● **What you have to do**:
Would you repeat the data below exactly, taking out the images?

● **Collected material**:
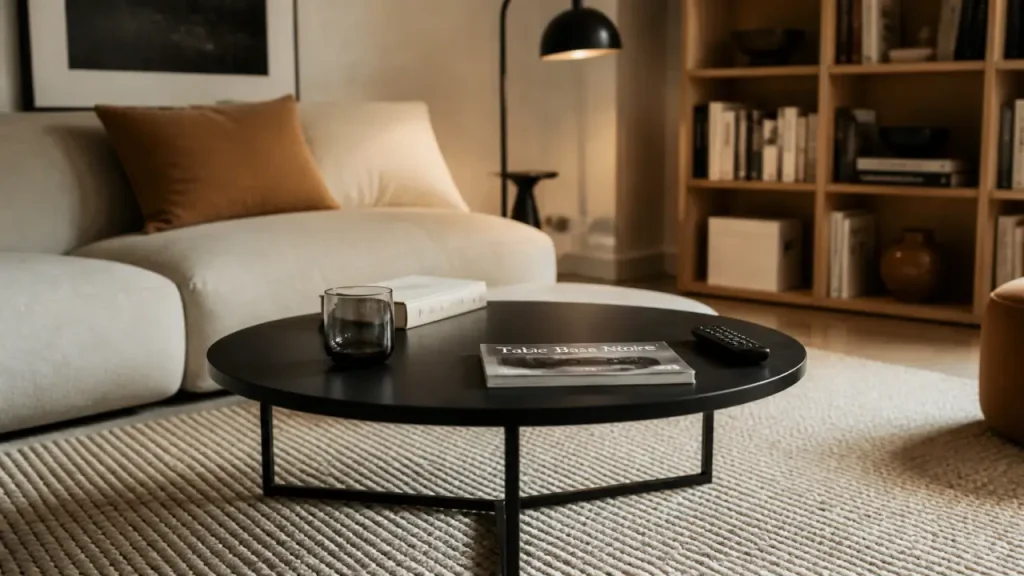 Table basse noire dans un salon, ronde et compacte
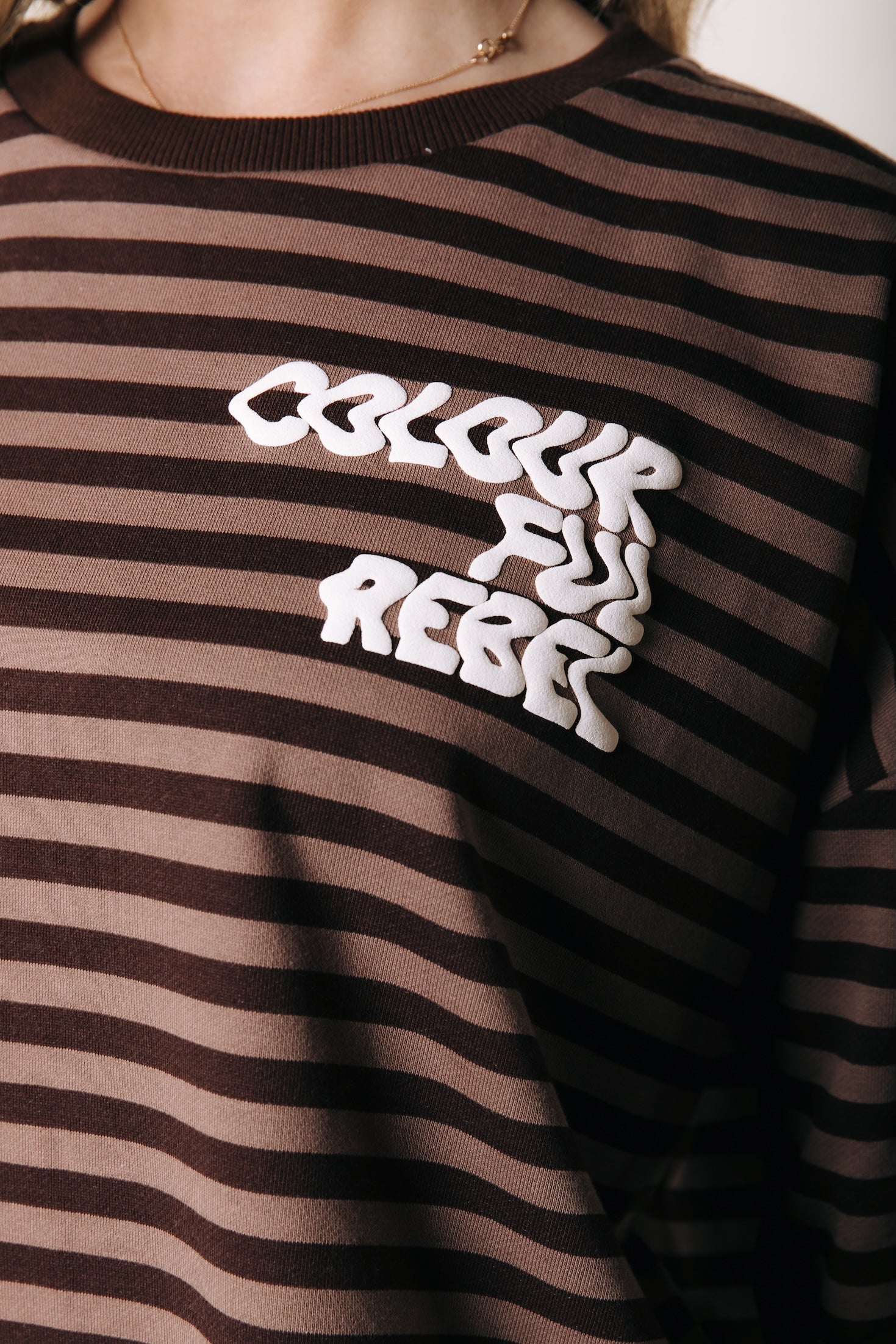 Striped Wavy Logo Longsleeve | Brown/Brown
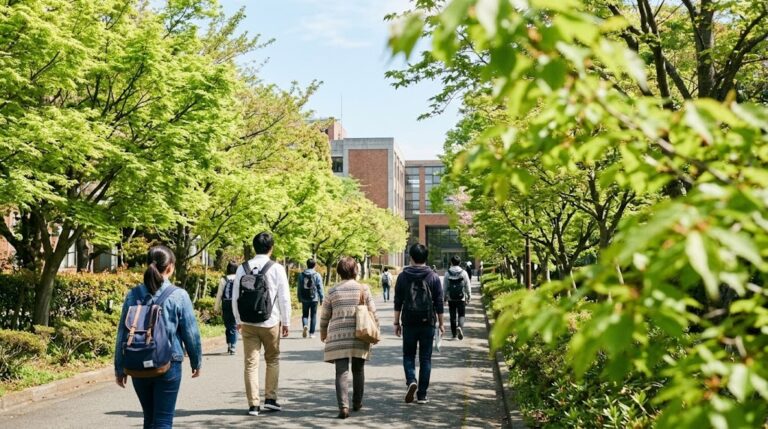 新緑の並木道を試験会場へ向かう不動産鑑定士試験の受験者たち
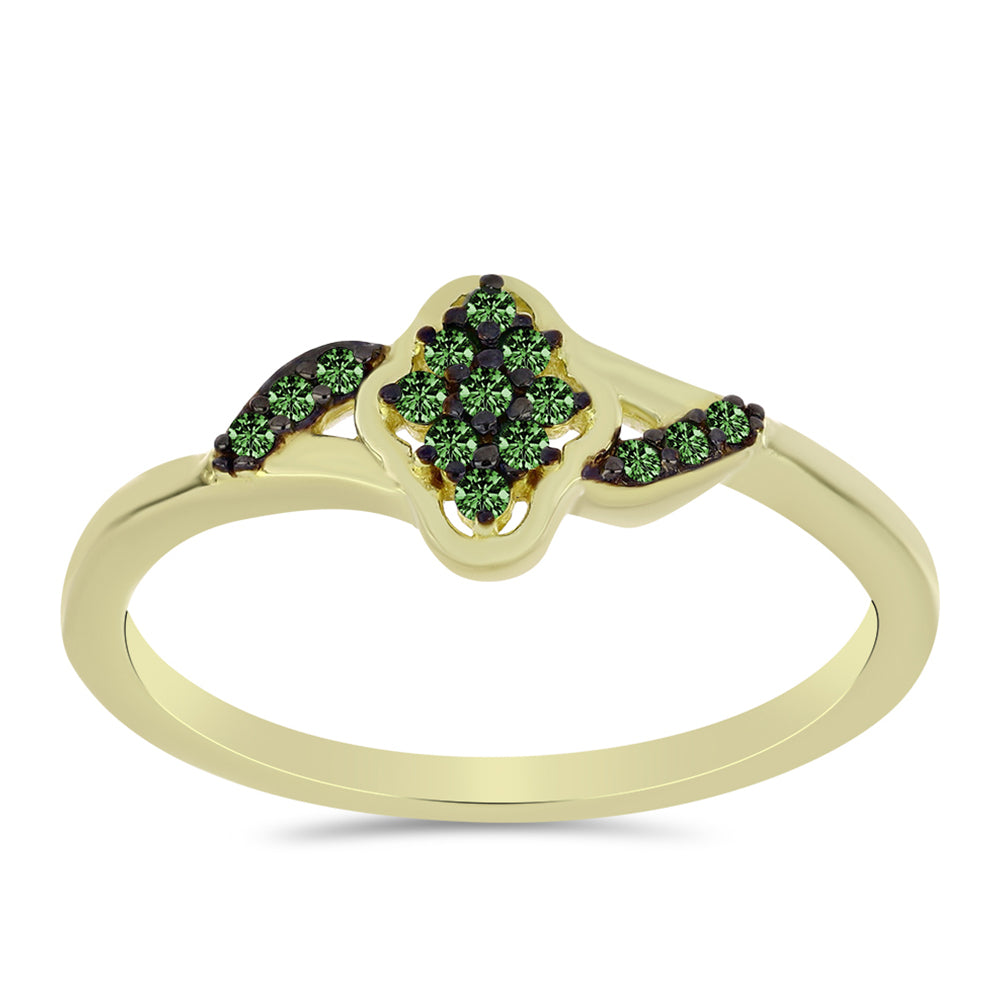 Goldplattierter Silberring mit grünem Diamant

● **Task answer**:
 Table basse noire dans un salon, ronde et compacte
 Striped Wavy Logo Longsleeve | Brown/Brown
 新緑の並木道を試験会場へ向かう不動産鑑定士試験の受験者たち
 Goldplattierter Silberring mit grünem Diamant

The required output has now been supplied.